*** Opening of INPUT DATA ***

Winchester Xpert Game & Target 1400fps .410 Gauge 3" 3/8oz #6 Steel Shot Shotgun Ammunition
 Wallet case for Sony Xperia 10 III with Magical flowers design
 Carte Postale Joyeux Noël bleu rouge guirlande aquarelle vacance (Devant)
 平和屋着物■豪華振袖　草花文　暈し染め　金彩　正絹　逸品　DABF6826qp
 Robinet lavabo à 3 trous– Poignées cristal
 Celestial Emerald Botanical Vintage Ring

*** Close of INPUT DATA ***

[WHAT NEEDS TO BE DONE]:
What is needed is an exact copy of the lines from the one containing "平和屋着物■豪華振袖　草花文　暈し染め　金彩　正絹　逸品　DABF6826qp" to the end of the data; please add nothing else.

[SOLUTION TO THE PROBLEM]:
 平和屋着物■豪華振袖　草花文　暈し染め　金彩　正絹　逸品　DABF6826qp
 Robinet lavabo à 3 trous– Poignées cristal
 Celestial Emerald Botanical Vintage Ring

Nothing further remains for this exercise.